In depth exploration of IOS startup speed optimization

Time:2020-10-1

 

 

introduce

The startup time of an app is an important indicator to reflect its performance. The faster the startup time is, the shorter the waiting time of users will be. In order to improve the user experience, large factory applications will even achieve “millisecond must be investigated”.

We divide app startup methods into:

name explain
cold boot When the app starts, the application process is not in the system (opened for the first time or the program is killed), so the system needs to allocate a new process to start the application.
Hot start After the app is returned to the background, the corresponding process is still in the system. If it is started, the application will be returned to the foreground for display.

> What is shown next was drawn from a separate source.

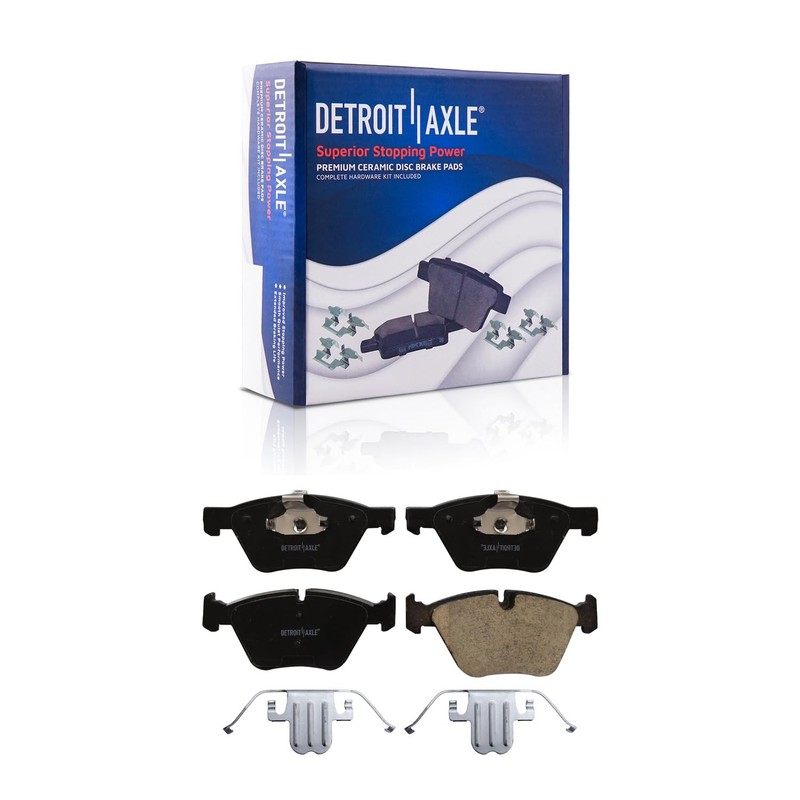 5-Lug Front & Rear Brake Pads Rotors for 2006 2007 BMW 325i gallery
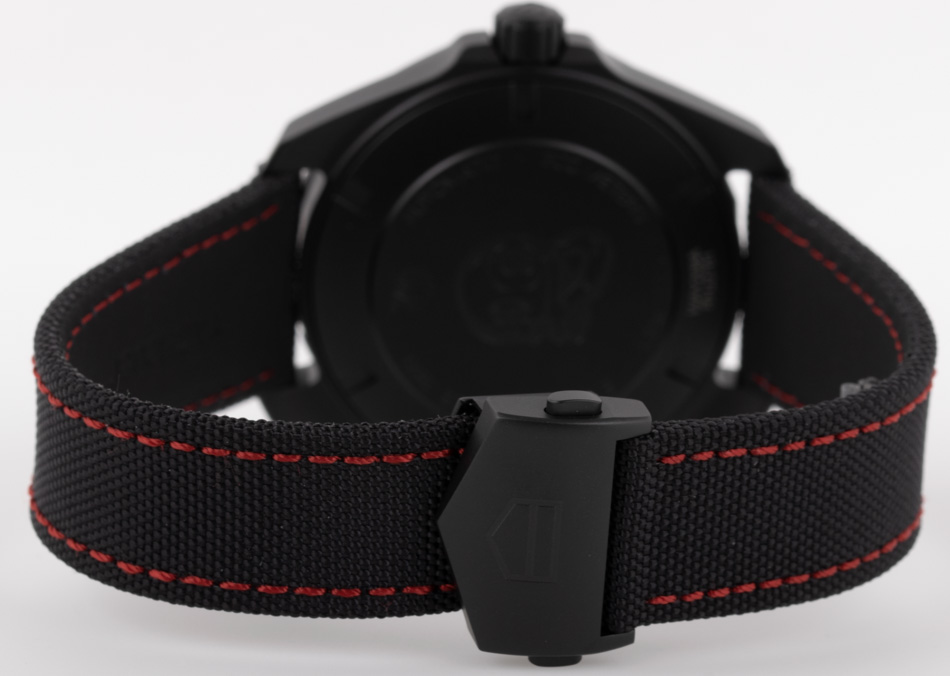 Bracelet Nylon Noir Tag Heuer Pour Aquaracer Premium WAY208A - Neuf Avec étiquettes - Tissu/textile, Unisexe, Style Pilote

This paper mainly focuses on the optimization analysis of cold start mode, introduces the commonly used detection tools and optimization methods.

Cold start process

Apple’s official “WWDC optimizing app startup time” divides the startup of IOS applications into pre main stage and main stage. The best startup speed is within 400ms, and the slowest is no more than 20s. Otherwise, it will be killed by the system process (minimum configuration device).

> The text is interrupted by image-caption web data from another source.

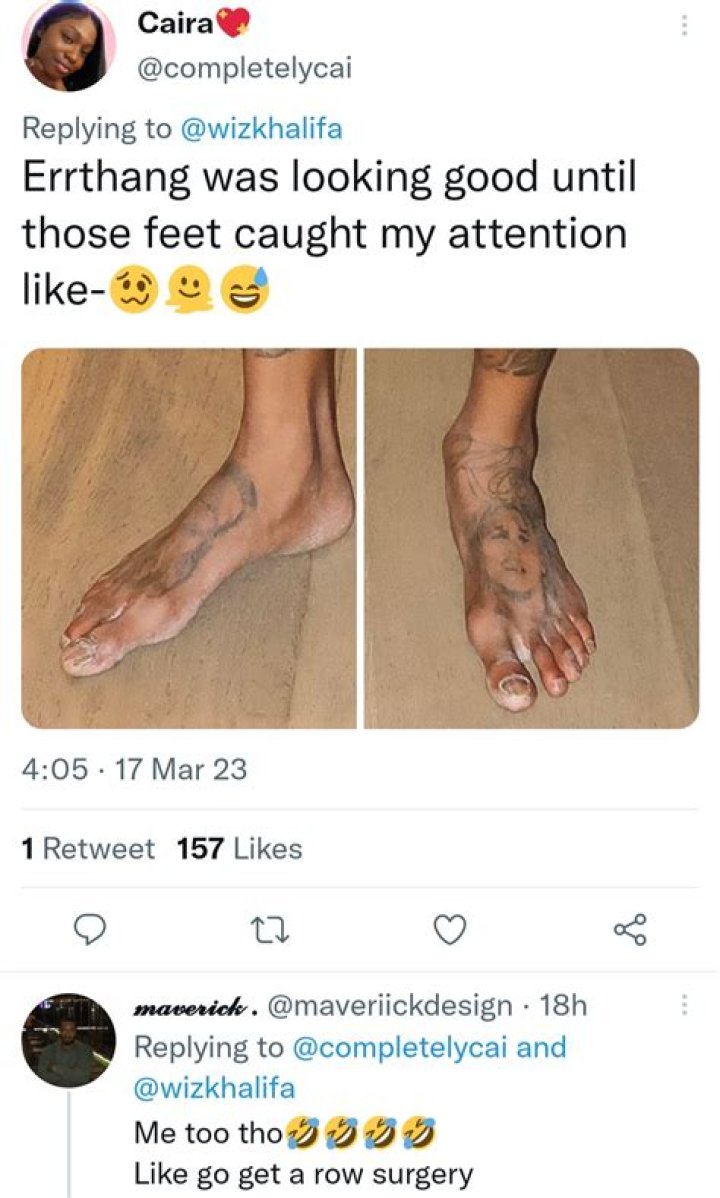 Wiz Khalifa's Feet Disgust Social Media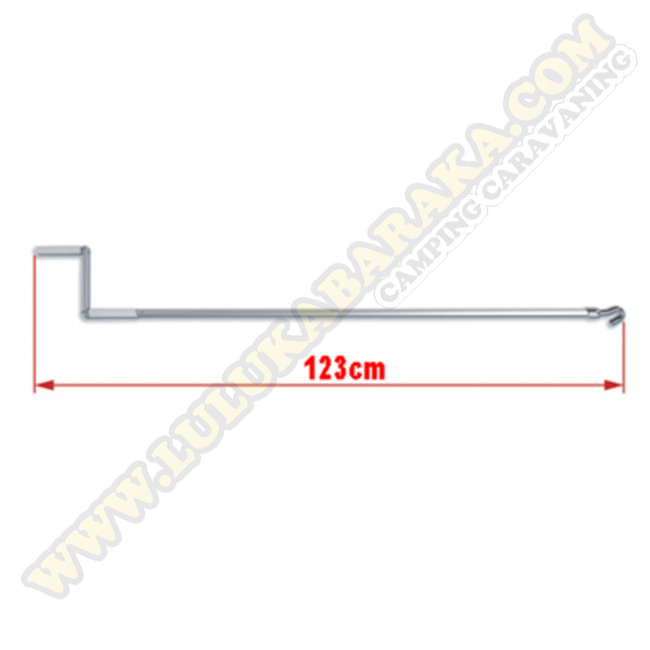 Manivela toldo standard 123 cm.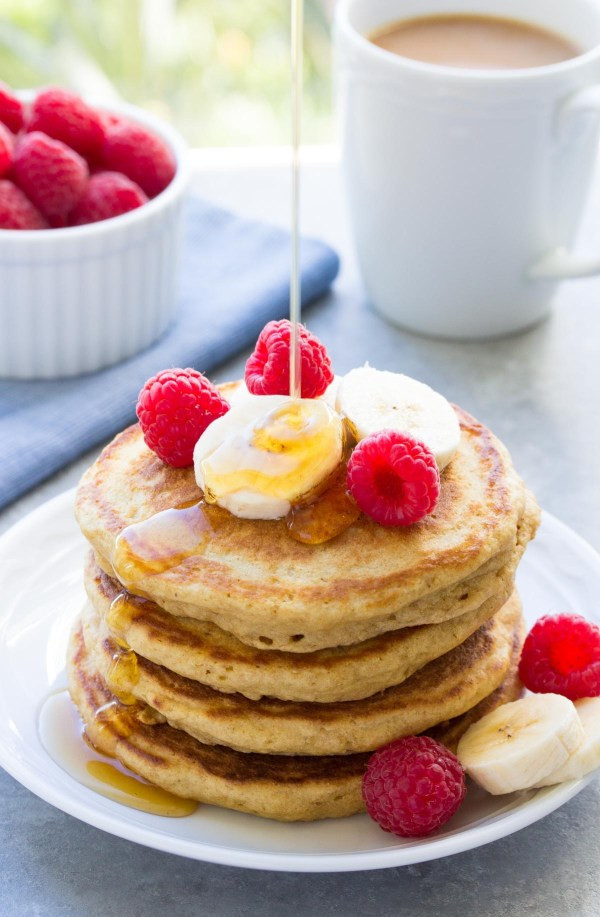 Easy Healthy Pancakes
 Best Easy Healthy Pancake Recipe Whole Wheat Pancakes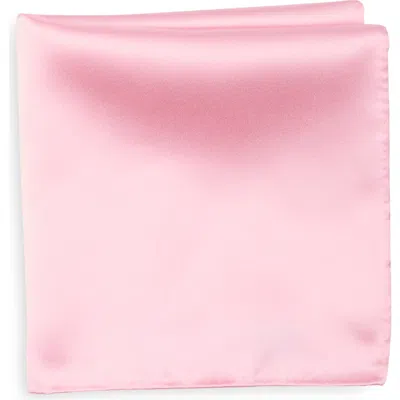 Nordstrom Rack Satin Pocket Square In Pink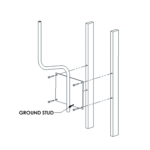 Soporte para montaje en pared compatible con linea de antenas OMNI-B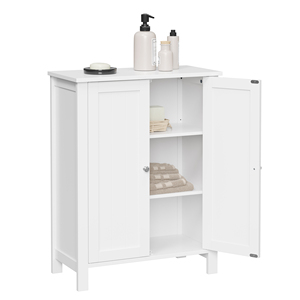 Vasagle modern toilet furniture bathroom vanity cabinets white storage bathroom cabinet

In order to better distinguish, the author divides the whole startup process into three stages: pre main + main function agent (didfinish launching with options) + viewdidappearanceMain functionImplementation phase.

Pre main execution content

At this time, the corresponding app page is the display of the flash screen page.

  • Load executable

    LoadingMach-OFormat file, that is, the format generated by all classes in the app is.oThe collection of target files for.

  • Load dynamic library

    dyldLoadingdylibThe following steps will be completed:

    1. Analyze all dylibs that app depends on.
    2. Find the mach-o file corresponding to dylib.
    3. Open, read, and verify the validity of these mach-o files.
    4. Register code signatures in the system kernel.
    5. Call mmap() for each segment of dylib.

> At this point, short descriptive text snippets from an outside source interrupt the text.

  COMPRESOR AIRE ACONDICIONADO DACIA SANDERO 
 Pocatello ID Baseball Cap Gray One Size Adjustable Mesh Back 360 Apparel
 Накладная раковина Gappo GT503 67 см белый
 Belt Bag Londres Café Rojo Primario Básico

    The dynamic library that the system depends on can be loaded quickly because it has been optimized, while the dynamic library introduced by the developer needs a long time.

  • Rebase and bind operations

    Due to the use ofASLRTechnology, indylibDuring the loading process, it is necessary to calculate the pointer offset to get the correct resource address.  RebaseRead the image into memory, correct the pointer inside the image, and consumeIOPerformance;BindQuerying symbol tables and binding external images requires a large number ofCPUCalculation.

  • Objc setup

    Carry outObjc, including registrationObjcClass, detectionselectorUniqueness, insertion classification method, etc.

  • Initializers

    Write content to the application stack, including execution+loadMethod, callC/C++The constructor function in theattribute((constructor))To create a non basic type ofC++Static global variables, etc.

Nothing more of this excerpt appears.